Normal probability plot

From Wikipedia, the free encyclopedia

The normal probability plot is a graphical technique for assessing whether or not a data set is approximately normally distributed. The data are plotted against a theoretical normal distribution in such a way that the points should form an approximate straight line. Departures from this straight line indicate departures from normality. The normal probability plot is a special case of the probability plot.

1 Definition
2 Other distributions
3 See also
4 External links
5 References

[edit] Definition

The normal probability plot is formed by:

Vertical axis: Ordered response values
Horizontal axis: Normal order statistic medians

That is, the observations are plotted as a function of the corresponding normal order statistic medians which are defined as:

N (i) = G (U (i))

where U(i) are the uniform order statistic medians (defined below) and G is the quantile function of the normal distribution. The quantile function is the inverse of the cumulative distribution function (probability that X is less than or equal to some value). That is, given a probability, we want the corresponding quantile of the cumulative distribution function.

The uniform order statistic medians are defined as:

$m(i) = \begin{cases} 1 - 0.5^{1/n} & i = 1\\ \frac{i - 0.3175}{n + 0.365} & i = 2, 3, \ldots, n-1\\ 0.5^{1/n} & i = n\end{cases}$

In addition, a straight line can be fit to the points and added as a reference line. The further the points vary from this line, the greater the indication of departures from normality.

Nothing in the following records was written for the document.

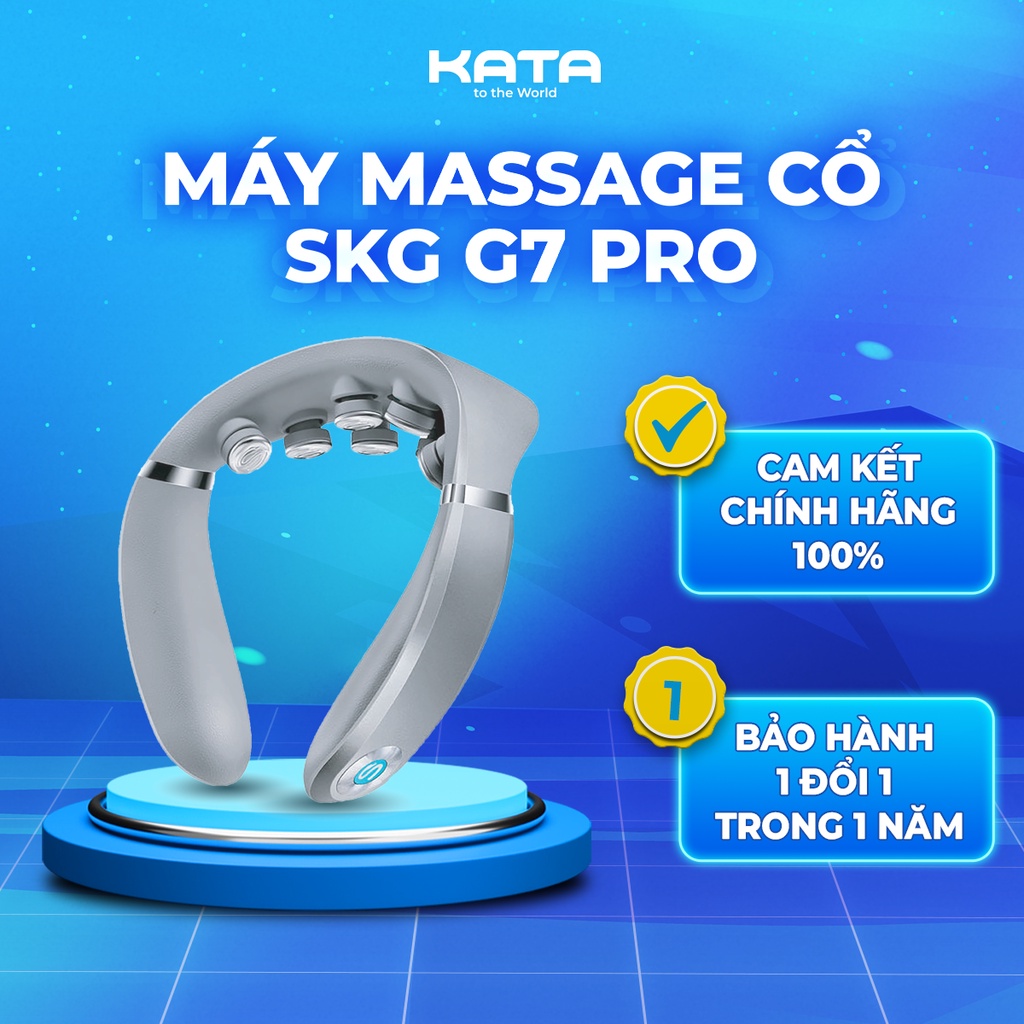 Máy Massage Cổ SKG G7-Pro công nghệ xung điện kết hợp massage vật lý giúp giảm đau mỏi cổ vai gáy| KATA TECHNOLOGY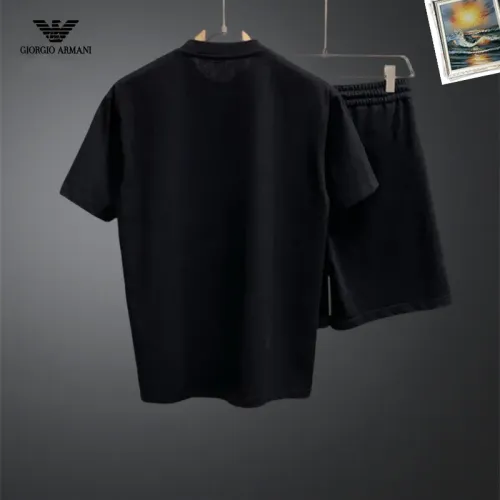 Replica Armani Tracksuits Short Sleeved For Men #1464888 $48.00 USD for Wholesale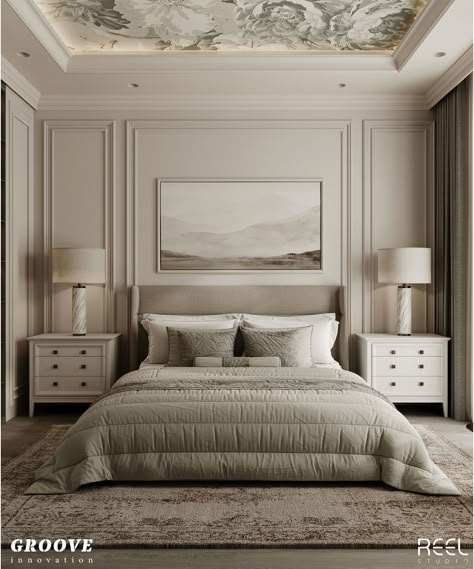 Master Bedroom Design :: Behance Neptune Driftwood, Neoclassical Bedroom Design, Bedroom Classic Design, Neo Classical Bedroom, Neoclassical Bedroom, Modern Classic Bedroom, Neo Classic Design, Classic Bedroom Design, Neoclassical Interior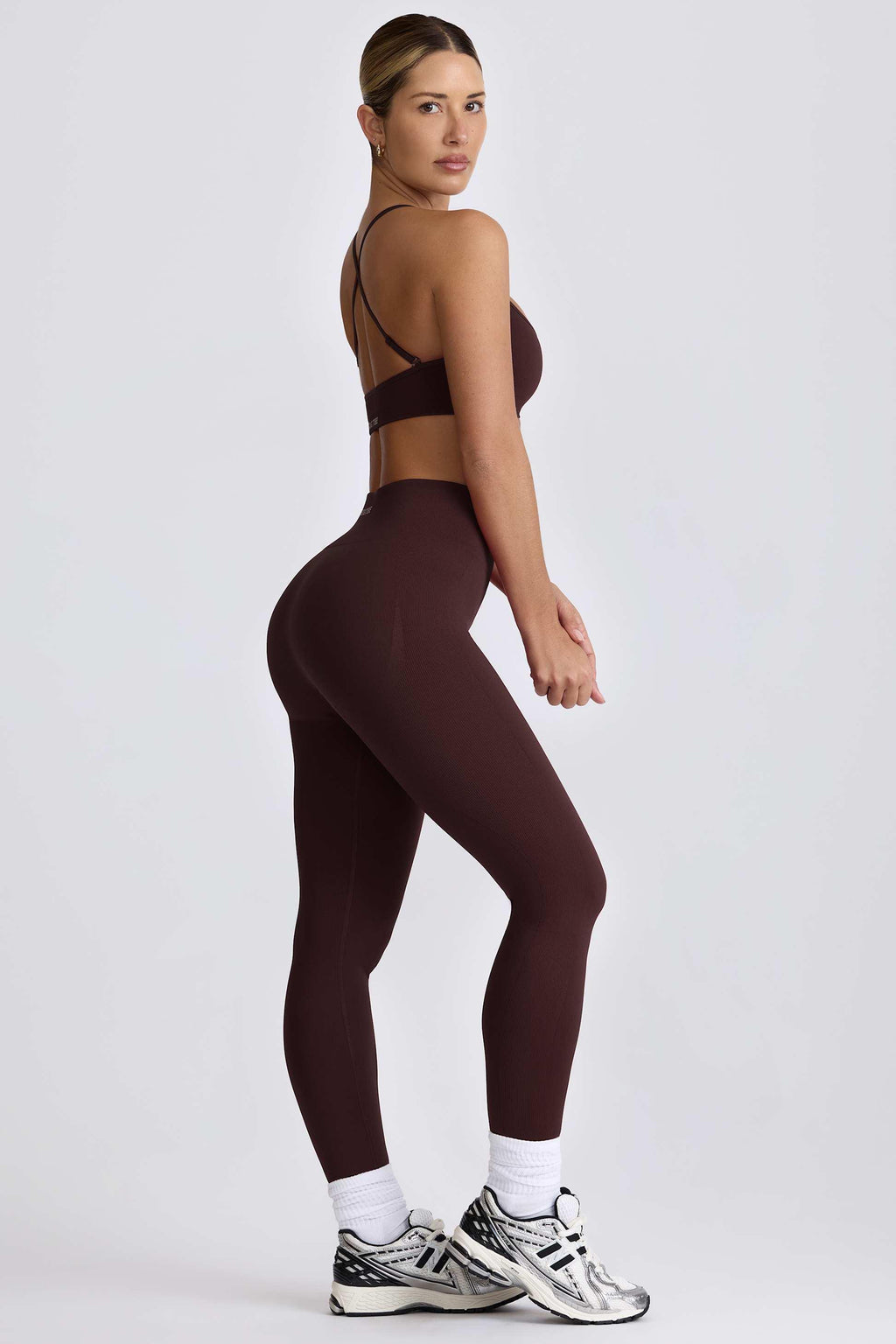 Super Sculpt Seamless Leggings In Chocolate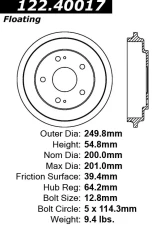 Centric Premium Brake Drum 122.40017                                     - 122.40017 - Image 8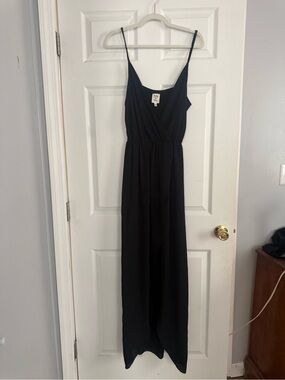 Pretty by Rory Black Spaghetti Strap Maxi Dress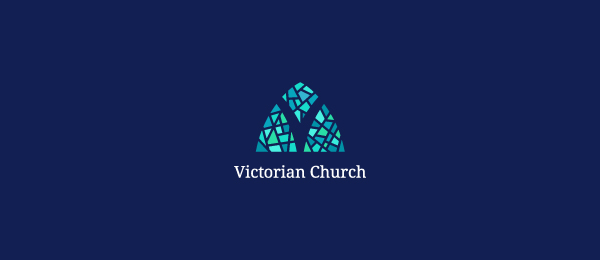 letter-v-logo-design-victorian-church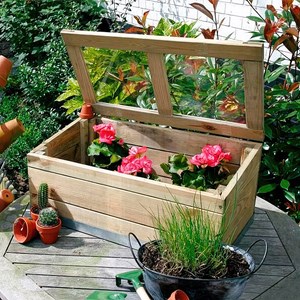 Serre en bois modèle rimini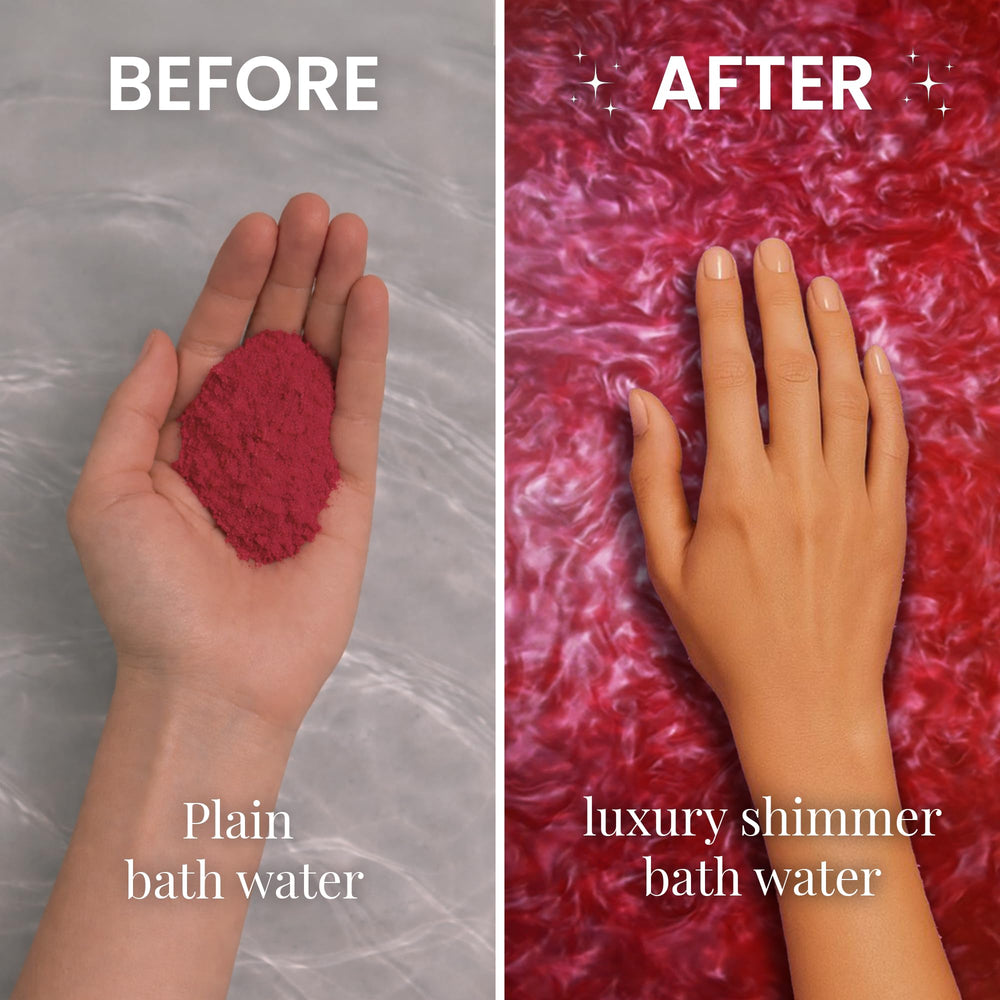 Bombe de bain rouge scintillante parfum fraise de Stsfybaths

[edit] Other distributions

Main article: probability plot

Probability plots for distributions other than the normal are computed in exactly the same way. The normal quantile function G is simply replaced by the quantile function of the desired distribution. That is, a probability plot can easily be generated for any distribution for which one has the quantile function.

One advantage of this method of computing probability plots is that the intercept and slope estimates of the fitted line are in fact estimates for the location and scale parameters of the distribution. Although this is not too important for the normal distribution since the location and scale are estimated by the mean and standard deviation, respectively, it can be useful for many other distributions.

The correlation coefficient of the points on the normal probability plot can be compared to a table of critical values to provide a formal test of the hypothesis that the data come from a normal distribution.